Enter your name and EID here
This homework is due on Feb. 12, 2019 at 4:00pm. Please submit as a PDF file on Canvas.
In this homework, you are asked to evaluate two data sets and determine if they are tidy data sets. We are referring to a very specific definition of “tidy”, so if this term is unfamiliar to you, please review the lecture materials.
Problem 1: (2 pts) The dataset USAccDeaths
built into R contains accidental deaths in the US 1973-1978. You can run ?USAccDeaths
to learn more about this data set.
USAccDeaths
## Jan Feb Mar Apr May Jun Jul Aug Sep Oct Nov
## 1973 9007 8106 8928 9137 10017 10826 11317 10744 9713 9938 9161
## 1974 7750 6981 8038 8422 8714 9512 10120 9823 8743 9129 8710
## 1975 8162 7306 8124 7870 9387 9556 10093 9620 8285 8466 8160
## 1976 7717 7461 7767 7925 8623 8945 10078 9179 8037 8488 7874
## 1977 7792 6957 7726 8106 8890 9299 10625 9302 8314 8850 8265
## 1978 7836 6892 7791 8192 9115 9434 10484 9827 9110 9070 8633
## Dec
## 1973 8927
## 1974 8680
## 1975 8034
## 1976 8647
## 1977 8796
## 1978 9240
Explain the variables present in this dataset. Using the variables in this dataset and the formal definition of tidy data that we learned in lecture, is this data set tidy? Explain why or why not.

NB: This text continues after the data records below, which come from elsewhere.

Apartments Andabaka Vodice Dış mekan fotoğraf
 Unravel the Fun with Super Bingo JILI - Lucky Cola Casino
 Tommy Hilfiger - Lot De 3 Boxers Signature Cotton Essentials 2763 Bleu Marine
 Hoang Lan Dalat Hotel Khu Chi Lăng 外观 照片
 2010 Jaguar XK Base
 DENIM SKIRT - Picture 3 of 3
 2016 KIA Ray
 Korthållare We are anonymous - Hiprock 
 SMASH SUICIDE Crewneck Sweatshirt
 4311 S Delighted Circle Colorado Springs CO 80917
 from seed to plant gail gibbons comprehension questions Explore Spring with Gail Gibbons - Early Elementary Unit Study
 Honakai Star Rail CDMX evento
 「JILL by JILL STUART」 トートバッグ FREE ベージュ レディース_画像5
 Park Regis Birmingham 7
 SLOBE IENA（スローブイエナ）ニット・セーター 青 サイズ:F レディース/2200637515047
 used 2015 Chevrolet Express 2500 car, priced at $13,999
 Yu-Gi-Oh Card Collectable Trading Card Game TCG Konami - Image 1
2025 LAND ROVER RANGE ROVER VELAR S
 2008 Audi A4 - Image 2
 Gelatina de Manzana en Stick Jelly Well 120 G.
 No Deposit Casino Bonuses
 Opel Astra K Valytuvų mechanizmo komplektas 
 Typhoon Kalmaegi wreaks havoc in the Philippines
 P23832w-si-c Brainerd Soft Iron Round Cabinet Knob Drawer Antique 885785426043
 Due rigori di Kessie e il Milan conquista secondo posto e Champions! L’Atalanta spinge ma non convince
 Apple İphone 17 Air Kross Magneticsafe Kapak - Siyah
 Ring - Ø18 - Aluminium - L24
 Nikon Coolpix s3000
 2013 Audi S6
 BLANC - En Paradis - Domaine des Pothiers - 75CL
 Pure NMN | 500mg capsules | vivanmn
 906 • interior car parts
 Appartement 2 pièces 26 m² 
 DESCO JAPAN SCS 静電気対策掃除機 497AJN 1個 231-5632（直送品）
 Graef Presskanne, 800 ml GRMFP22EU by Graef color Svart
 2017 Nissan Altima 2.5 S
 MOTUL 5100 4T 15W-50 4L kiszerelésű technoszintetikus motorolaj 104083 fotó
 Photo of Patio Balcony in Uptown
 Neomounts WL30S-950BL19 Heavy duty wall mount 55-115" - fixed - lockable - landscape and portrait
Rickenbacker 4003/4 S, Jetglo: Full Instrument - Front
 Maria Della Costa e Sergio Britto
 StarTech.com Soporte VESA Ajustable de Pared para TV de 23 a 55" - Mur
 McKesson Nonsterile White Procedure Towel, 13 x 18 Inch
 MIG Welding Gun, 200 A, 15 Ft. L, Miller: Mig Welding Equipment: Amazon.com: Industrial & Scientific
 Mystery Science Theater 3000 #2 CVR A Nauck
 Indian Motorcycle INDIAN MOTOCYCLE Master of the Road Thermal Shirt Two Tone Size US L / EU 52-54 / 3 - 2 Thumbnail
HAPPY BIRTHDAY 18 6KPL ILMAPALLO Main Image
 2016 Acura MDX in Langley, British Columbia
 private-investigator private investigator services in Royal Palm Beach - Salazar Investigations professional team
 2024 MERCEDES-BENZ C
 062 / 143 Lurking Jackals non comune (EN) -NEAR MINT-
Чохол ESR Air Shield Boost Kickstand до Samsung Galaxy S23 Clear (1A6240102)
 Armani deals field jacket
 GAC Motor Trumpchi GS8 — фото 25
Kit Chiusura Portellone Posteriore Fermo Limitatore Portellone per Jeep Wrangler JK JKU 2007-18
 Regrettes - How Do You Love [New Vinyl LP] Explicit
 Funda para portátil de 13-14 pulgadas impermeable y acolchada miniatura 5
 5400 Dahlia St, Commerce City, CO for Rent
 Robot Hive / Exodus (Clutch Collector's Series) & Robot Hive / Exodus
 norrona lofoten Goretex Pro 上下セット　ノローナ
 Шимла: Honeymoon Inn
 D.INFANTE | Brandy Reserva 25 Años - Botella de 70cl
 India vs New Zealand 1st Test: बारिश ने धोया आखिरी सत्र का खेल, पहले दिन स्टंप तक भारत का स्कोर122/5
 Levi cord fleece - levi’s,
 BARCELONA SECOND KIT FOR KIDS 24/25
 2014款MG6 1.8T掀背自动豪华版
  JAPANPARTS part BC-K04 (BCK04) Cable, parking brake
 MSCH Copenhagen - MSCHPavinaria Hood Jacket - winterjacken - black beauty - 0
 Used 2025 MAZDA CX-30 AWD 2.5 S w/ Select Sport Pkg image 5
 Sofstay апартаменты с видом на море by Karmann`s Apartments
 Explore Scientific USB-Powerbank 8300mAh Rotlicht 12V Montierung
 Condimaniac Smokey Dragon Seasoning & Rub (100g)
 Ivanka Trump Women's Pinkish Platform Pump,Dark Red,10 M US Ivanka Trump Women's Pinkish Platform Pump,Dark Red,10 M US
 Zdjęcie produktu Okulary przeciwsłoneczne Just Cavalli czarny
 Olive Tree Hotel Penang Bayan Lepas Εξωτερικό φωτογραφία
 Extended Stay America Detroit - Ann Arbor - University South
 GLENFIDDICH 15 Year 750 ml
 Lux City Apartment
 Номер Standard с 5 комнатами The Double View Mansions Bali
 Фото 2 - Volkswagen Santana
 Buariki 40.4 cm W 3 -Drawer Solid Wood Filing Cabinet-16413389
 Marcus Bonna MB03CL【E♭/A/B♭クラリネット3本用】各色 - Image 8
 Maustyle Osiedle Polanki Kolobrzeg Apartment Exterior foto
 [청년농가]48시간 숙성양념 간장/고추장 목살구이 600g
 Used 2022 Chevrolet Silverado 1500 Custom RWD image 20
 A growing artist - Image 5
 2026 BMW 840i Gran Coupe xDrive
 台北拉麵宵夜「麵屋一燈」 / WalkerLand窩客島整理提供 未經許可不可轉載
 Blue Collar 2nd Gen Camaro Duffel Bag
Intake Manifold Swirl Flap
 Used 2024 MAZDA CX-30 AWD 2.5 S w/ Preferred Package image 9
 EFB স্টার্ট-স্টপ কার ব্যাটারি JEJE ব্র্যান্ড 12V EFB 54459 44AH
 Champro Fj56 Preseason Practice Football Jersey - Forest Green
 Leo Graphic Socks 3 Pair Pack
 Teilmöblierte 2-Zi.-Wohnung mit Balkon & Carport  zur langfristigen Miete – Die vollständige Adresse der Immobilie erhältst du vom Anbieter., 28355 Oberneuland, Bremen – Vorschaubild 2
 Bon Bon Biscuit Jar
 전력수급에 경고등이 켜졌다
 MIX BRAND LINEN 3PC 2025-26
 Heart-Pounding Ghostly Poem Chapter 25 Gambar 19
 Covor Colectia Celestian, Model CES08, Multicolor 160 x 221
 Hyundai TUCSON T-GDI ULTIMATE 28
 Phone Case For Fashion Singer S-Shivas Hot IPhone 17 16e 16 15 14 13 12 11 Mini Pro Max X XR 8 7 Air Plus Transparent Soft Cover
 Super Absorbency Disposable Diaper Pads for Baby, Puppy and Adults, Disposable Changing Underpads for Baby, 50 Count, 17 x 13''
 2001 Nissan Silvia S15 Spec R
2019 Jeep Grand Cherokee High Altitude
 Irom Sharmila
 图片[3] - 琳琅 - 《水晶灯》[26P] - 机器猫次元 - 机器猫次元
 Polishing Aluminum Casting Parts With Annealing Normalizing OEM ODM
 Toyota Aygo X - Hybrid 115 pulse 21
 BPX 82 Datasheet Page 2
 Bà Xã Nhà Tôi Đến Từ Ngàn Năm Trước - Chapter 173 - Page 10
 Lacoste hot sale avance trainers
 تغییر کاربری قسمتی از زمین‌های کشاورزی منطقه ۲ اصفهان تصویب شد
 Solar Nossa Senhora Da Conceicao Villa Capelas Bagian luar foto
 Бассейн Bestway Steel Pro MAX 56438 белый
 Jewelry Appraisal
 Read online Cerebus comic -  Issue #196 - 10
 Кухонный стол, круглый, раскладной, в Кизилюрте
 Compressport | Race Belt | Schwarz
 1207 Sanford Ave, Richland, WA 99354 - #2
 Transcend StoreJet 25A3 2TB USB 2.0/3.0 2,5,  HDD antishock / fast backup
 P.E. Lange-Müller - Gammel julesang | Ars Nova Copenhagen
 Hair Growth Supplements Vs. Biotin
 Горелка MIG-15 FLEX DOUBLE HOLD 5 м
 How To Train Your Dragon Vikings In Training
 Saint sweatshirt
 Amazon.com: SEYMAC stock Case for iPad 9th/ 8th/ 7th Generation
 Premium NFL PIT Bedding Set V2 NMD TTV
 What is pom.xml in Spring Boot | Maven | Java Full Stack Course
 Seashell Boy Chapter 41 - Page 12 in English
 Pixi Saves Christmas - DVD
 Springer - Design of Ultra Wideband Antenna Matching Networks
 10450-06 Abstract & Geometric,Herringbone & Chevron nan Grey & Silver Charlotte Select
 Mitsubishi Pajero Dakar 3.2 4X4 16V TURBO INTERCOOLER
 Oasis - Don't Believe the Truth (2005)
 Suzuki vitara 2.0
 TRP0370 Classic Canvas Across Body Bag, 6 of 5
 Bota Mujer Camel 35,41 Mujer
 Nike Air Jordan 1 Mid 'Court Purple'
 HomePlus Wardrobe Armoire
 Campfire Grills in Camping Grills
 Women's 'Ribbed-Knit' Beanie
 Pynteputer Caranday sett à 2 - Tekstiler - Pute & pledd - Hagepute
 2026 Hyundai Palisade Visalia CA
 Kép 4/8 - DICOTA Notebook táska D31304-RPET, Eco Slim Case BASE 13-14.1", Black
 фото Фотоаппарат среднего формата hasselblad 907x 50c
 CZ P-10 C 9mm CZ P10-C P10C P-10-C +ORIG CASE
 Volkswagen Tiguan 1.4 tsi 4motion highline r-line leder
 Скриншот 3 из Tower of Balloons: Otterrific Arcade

Your answer goes here. 2-3 sentences only.
The dataset CO2
built into R contains data on the carbon dioxide uptake in grass plants. You can run ?CO2
to learn more about this data set.
head(CO2)
## Plant Type Treatment conc uptake
## 1 Qn1 Quebec nonchilled 95 16.0
## 2 Qn1 Quebec nonchilled 175 30.4
## 3 Qn1 Quebec nonchilled 250 34.8
## 4 Qn1 Quebec nonchilled 350 37.2
## 5 Qn1 Quebec nonchilled 500 35.3
## 6 Qn1 Quebec nonchilled 675 39.2
Explain the variables present in this dataset. Using the variables in this dataset and the formal definition of tidy data that we learned in lecture, is this data set tidy? Explain why or why not.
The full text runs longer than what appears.